Skip to contents

Run CohortContrast Analysis

Usage

CohortContrast(
  cdm,
  targetTable = NULL,
  controlTable = NULL,
  pathToResults = getwd(),
  domainsIncluded = c("Drug", "Condition", "Measurement", "Observation", "Procedure",
    "Visit", "Visit detail"),
  prevalenceCutOff = 10,
  topK = FALSE,
  presenceFilter = 0.005,
  lookbackDays = FALSE,
  complementaryMappingTable = NULL,
  runZTests = TRUE,
  runLogitTests = TRUE,
  runKSTests = TRUE,
  getAllAbstractions = FALSE,
  getSourceData = FALSE,
  maximumAbstractionLevel = 5,
  createOutputFiles = TRUE,
  complName = NULL,
  numCores = parallel::detectCores() - 1,
  safeRun = FALSE
)

Arguments

cdm

Connection to database

targetTable

Table for target cohort (tbl)

controlTable

Table for control cohort (tbl)

pathToResults

Path to the results folder, can be project's working directory

domainsIncluded

list of CDM domains to include

prevalenceCutOff

numeric > if set, removes all of the concepts which are not present (in target) more than prevalenceCutOff times

topK

numeric > if set, keeps this number of features in the analysis. Maximum number of features exported.

presenceFilter

numeric > if set, removes all features represented less than the given percentage

lookbackDays

FALSE or an integer stating the lookback period for cohort index date

complementaryMappingTable

Mappingtable for mapping concept_ids if present, columns CONCEPT_ID, CONCEPT_ID.new, CONCEPT_NAME.new,

runZTests

boolean for Z-tests

runLogitTests

boolean for logit-tests

runKSTests

boolean for Kolmogorov-Smirnov tests

getAllAbstractions

boolean for creating abstractions' levels for the imported data, this is useful when using GUI and exploring data

getSourceData

boolean for fetching source data

maximumAbstractionLevel

Maximum level of abstraction allowed

createOutputFiles

Boolean for creating output files, the default value is TRUE

complName

Name of the output file

numCores

Number of cores to allocate to parallel processing

safeRun

boolean for only returning summarized data

Examples

if (FALSE) { # \dontrun{
control <- data.frame(
  cohort_definition_id = c(1, 1, 1, 1, 1),
  subject_id = c(5325, 3743, 2980, 1512, 2168),
  cohort_start_date = as.Date(c("1982-06-02", "1997-03-23",
   "2004-09-29", "2006-08-11", "1977-06-25")),
  cohort_end_date = as.Date(c("2019-03-17", "2018-10-07",
   "2018-04-01", "2017-11-29", "2018-11-22"))
)

target <- data.frame(
  cohort_definition_id = c(1, 1, 1, 1, 1),
  subject_id = c(4804, 4861, 1563, 2830, 1655),
  cohort_start_date = as.Date(c("1997-03-23", "1982-06-02",
   "1977-06-25", "2006-08-11", "2004-09-29")),
  cohort_end_date = as.Date(c("2018-10-29", "2019-05-23",
   "2019-04-20", "2019-01-14", "2019-05-24"))
)

control$cohort_definition_id = 100
target$cohort_definition_id = 500

cohort = rbind(control, target)

con <- DBI::dbConnect(duckdb::duckdb(), dbdir = CDMConnector::eunomia_dir("GiBleed"))
DBI::dbExecute(con, "CREATE SCHEMA IF NOT EXISTS example")
DBI::dbWriteTable(con,   DBI::SQL('"example"."cohort"'), cohort)

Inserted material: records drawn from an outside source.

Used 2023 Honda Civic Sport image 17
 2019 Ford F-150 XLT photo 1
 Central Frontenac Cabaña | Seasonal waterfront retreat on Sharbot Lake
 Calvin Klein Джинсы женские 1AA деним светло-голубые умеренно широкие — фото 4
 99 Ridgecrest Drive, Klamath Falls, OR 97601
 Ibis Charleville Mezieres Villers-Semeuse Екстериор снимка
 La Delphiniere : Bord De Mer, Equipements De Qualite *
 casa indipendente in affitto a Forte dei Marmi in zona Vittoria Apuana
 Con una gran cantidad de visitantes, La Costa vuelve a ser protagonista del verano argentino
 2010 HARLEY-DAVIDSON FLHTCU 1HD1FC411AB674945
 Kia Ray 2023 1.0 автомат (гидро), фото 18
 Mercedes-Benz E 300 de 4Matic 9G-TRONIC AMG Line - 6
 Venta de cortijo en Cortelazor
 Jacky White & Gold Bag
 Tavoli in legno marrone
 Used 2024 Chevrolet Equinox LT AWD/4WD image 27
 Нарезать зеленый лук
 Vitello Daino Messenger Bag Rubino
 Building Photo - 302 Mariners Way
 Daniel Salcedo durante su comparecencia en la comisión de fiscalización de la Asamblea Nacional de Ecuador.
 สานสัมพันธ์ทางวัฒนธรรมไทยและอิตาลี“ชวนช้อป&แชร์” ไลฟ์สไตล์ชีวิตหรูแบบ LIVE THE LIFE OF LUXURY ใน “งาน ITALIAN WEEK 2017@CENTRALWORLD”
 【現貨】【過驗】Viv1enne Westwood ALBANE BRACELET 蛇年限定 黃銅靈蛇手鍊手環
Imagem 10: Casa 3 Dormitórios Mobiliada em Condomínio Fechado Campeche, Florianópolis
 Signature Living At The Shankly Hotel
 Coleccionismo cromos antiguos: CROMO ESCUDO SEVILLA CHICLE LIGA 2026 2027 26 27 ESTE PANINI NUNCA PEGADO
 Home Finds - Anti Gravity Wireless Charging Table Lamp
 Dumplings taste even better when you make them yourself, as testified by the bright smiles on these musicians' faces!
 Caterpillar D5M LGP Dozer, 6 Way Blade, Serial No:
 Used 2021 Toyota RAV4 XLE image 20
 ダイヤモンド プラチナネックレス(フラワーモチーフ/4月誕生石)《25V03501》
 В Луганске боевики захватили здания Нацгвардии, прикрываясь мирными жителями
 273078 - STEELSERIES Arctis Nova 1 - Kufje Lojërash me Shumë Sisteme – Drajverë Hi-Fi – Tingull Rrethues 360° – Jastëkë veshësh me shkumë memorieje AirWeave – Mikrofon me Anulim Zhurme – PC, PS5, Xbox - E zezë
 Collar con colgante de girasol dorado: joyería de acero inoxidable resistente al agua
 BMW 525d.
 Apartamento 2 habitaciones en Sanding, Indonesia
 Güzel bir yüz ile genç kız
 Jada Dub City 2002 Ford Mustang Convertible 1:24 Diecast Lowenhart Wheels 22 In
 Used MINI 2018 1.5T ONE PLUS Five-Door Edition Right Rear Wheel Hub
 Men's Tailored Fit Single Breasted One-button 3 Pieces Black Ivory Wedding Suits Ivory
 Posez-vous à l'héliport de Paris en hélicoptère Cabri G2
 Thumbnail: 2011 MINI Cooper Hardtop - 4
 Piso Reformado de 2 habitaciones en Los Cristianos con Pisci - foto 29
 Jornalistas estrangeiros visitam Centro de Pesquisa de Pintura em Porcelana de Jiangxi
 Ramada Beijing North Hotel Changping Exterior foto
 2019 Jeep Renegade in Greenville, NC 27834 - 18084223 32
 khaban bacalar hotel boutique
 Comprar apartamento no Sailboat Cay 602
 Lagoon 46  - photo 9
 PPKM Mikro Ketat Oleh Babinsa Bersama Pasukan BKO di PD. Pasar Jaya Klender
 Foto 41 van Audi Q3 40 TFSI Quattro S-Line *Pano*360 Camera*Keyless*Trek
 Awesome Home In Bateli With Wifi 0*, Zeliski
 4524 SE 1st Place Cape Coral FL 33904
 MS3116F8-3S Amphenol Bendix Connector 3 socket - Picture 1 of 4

cdm <- CDMConnector::cdm_from_con(con, cdm_name = "eunomia",
 cdm_schema = "main", write_schema = "main")

 targetTable <- cohortFromCohortTable(cdm = cdm, db = con,
  tableName = "cohort", schemaName = 'example', cohortId = 500)
controlTable <- cohortFromCohortTable(cdm = cdm, db = con,
 tableName = "cohort", schemaName = 'example', cohortId = 100)


pathToResults = getwd()

data = CohortContrast(
  cdm,
  targetTable = targetTable,
  controlTable = controlTable,
  pathToResults,
  domainsIncluded = c(
    "Drug"
  ),
  prevalenceCutOff = 0.1,
  topK = FALSE,
  presenceFilter = 0.005,
  complementaryMappingTable = NULL,
  runZTests = FALSE,
  runLogitTests = FALSE,
  createOutputFiles = FALSE,
  numCores = 1
)

DBI::dbDisconnect(con)
} # }